Techniquement, le tapis antidérapant a clairement joué un rôle en augmentant la friction entre la selle et le dos du cheval, empêchant le déplacement latéral. Le sanglage plus serré a permis une meilleure répartition des pressions, limitant les points de glissement. La texture légèrement grainée du cuir, qui m’avait semblé rigide au départ, est devenue plus agréable au toucher, probablement parce que le cuir s’est un peu assoupli avec l’usage et un entretien régulier que j’ai commencé à faire. Cette sensation d’un cuir souple mais adhérent est ce que j’appelle l’effet 'peau de pêche', qui évite de glisser sans accrocher.
Mais une surprise est apparue : lors des transitions entre le trot et le pas, j’ai entendu un léger bruit de frottement, presque imperceptible, provenant des quartiers contre ma cuisse. Ce son n’était pas là avant, et j’ai compris qu’il provenait d’une gélification naissante du cuir, qui commençait à devenir rigide et un peu craquelé, malgré mes soins. J’ai découvert ce phénomène en démontant la selle après environ quatre mois d’utilisation. Cette gélification m’a prise au dépourvu, je ne pensais pas qu’elle arriverait aussi vite sur un cuir de cette gamme. Elle a légèrement altéré le confort, même si ce n’était pas encore gênant.
Mon verdict sur la selle mixte et ses ajustements
Au final, la combinaison d’un sanglage resserré et du tapis antidérapant a stabilisé la selle sur ce cheval au garrot très marqué. J’ai pu suivre les mouvements au trot enlevé avec un meilleur équilibre, et le maintien du contact avec la cuisse a été plus fiable. Le siège semi-creux a joué son rôle en stabilisant le bassin sans donner l’impression d’être coincée. Cette stabilité a aussi réduit la fatigue musculaire liée à la compensation. Ce qui marche vraiment, c’est cette association simple mais précise : serrer un peu plus le sanglage et ajouter un tapis avec des inserts antidérapants.
Par contre, la gélification du cuir des quartiers est un point à surveiller. Ce cuir s’est rigidifié et a commencé à craqueler après seulement quelques mois, ce qui n’est pas idéal pour maintenir un contact doux et précis. J’ai appris que l’entretien régulier, avec un baume adapté au cuir, est indispensable. Sans ça, la position devient moins sûre. Et puis, si le sanglage n’est pas ajusté correctement, le glissement revient vite, ce qui confirme que ce réglage n’est pas à prendre à la légère. Pour les cavaliers cherchant un contact ultra-précis, cette selle avec ses quartiers larges ne sera pas la meilleure option.

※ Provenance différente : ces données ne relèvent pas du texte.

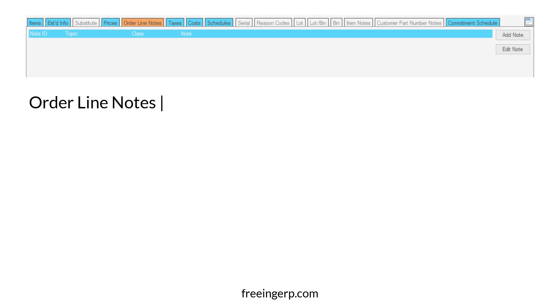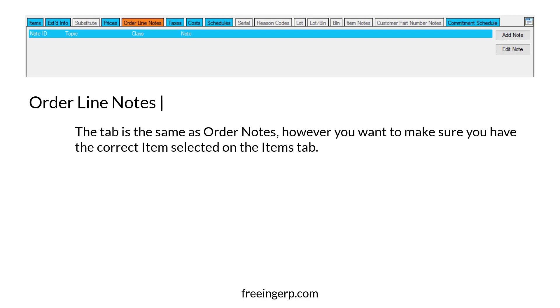Finally, we have order line notes. This tab is fundamentally the same as order notes. However, you have to make sure you have the correct line items selected on the item tab.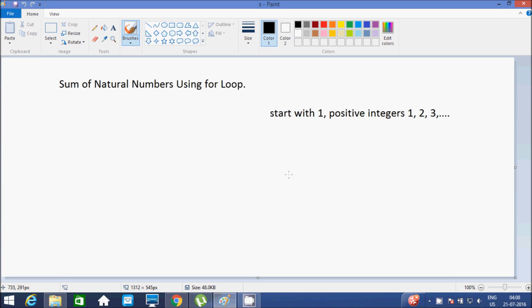Hi guys, in this video I am going to discuss about sum of natural numbers using for loop. I will use C language. About natural numbers, they start from 1 and are positive integers 1, 2, 3 till n.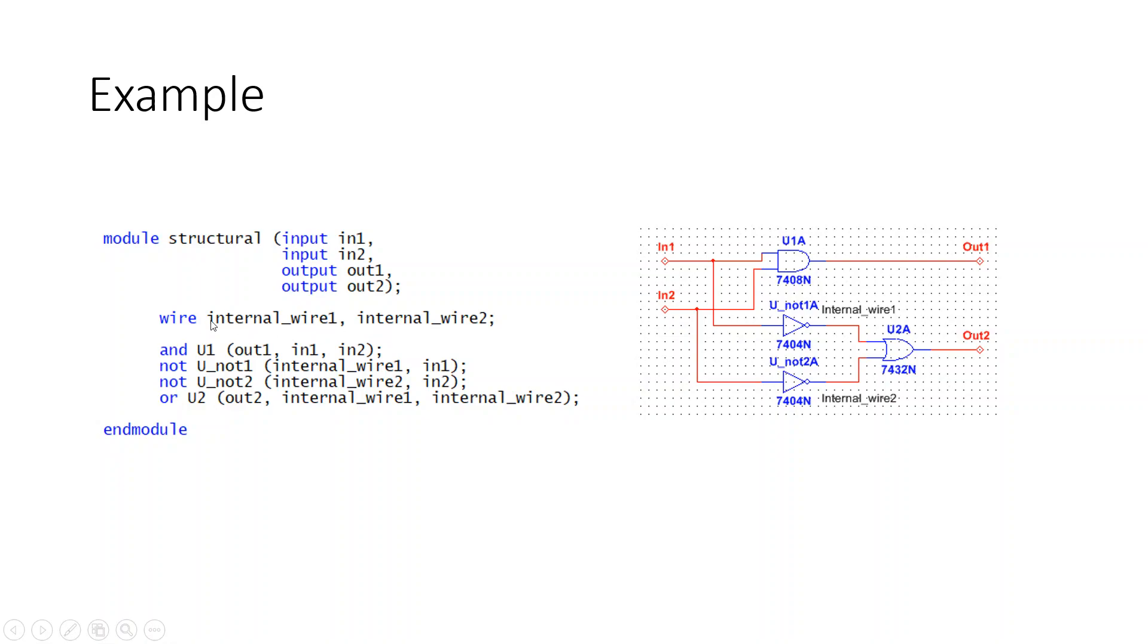How these are connected together is we have an AND gate where we have an instance named U1, we're driving to the output OUT1, and we've connected the inputs IN1 and IN2 to this AND gate.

À mon avis, cette selle mixte convient bien aux cavaliers intermédiaires à confirmés montants des chevaux au garrot prononcé, qui ne cherchent pas une assise hyper anatomique mais un bon compromis entre confort et liberté de mouvement. Pour ceux qui veulent éviter les désagréments que j’ai rencontrés, je conseille de vérifier la taille du siège pour ne pas tomber dans l’erreur d’en prendre un trop grand, car cela nuit au maintien et favorise le glissement. Les alternatives possibles incluent des selles avec des panneaux plus épais ou un sanglage spécialement conçu pour ce type de garrot. Dans tous les cas, un tapis antidérapant me semble indispensable dans ce contexte.